CIS Benchmarks for Windows

Comprehensive sets of automated checks and controls that address a number of distinct Windows technical security settings for Windows 2000 (Professional and Server), XP, and 2003 Server platforms. The CIS Windows Toolkits are designed to provide Configuresoft customers with the ability to quickly assess the security configuration of Windows systems against CIS best practices by translating the guidelines into actionable, continuous compliance rules. These rules allow you to ensure that your actual enterprise security configuration settings correspond with the recommended hardening values.

CIS VMware ESX Server Benchmark

The CIS VMware ESX Server Benchmark Hardening Toolkit is a compilation of security configuration actions and settings that can be used to lock down, or "harden" VMware ESX Server systems in accordance with the CIS VMware ESX Server Benchmark v1.0, released October 18, 2007. This comprehensive series of controls addresses file permissions, user accounts, kernel settings, and a number of other specific ESX attributes that can be secured as part of an overall security and compliance strategy in virtual server environments.

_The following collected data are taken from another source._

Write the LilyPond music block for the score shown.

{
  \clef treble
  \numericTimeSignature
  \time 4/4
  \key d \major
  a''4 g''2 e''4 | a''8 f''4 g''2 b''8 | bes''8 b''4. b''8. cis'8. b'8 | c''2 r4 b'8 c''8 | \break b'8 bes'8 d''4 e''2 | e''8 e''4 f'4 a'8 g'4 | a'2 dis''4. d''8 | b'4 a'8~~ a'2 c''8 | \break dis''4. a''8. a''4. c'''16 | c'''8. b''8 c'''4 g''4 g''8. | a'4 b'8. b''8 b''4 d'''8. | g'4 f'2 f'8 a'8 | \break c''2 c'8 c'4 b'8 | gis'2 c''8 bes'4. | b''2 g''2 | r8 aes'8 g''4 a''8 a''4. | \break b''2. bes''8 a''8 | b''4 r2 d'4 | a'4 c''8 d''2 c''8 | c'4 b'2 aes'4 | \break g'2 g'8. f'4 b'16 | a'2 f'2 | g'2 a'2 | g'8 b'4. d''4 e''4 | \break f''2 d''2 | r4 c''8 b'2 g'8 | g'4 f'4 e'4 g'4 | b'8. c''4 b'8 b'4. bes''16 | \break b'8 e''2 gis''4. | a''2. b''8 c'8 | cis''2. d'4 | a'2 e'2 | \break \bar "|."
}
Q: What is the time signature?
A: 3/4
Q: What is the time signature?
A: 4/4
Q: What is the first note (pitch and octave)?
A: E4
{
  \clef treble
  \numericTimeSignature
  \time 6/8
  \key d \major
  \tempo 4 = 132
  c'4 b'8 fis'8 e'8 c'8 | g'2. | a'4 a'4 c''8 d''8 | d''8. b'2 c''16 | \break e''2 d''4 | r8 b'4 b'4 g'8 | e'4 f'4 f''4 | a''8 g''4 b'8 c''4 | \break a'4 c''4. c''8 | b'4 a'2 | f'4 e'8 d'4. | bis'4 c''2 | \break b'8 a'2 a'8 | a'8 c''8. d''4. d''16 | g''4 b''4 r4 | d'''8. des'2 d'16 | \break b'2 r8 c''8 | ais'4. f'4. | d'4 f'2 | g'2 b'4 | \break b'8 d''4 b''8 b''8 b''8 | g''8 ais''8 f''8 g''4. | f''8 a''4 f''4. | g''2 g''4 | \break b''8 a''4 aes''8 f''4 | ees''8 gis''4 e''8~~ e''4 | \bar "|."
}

Microsoft Hardening Guidelines

Compliance template provides organizations with the ability to quickly assess the security configuration of Windows 2000, 2003, XP and Vista systems against Microsoft recommended best practices. The template translates the Microsoft Windows Security and Hardening Guide into actionable, continuous compliance rules to ensure your actual enterprise security configuration settings correspond with the recommended hardening guidelines.

VMware Hardening Guidelines

Comprehensive series of automated checks and controls that correlate and map to VMware Infrastructure 3 Security Hardening guide. Template allows organizations to evaluate access controls, file permissions, networking components, audit and security policy controls, as well as performing automated access change monitoring for virtual machines, VMware Service Console, ESX Server host and VirtualCenter components.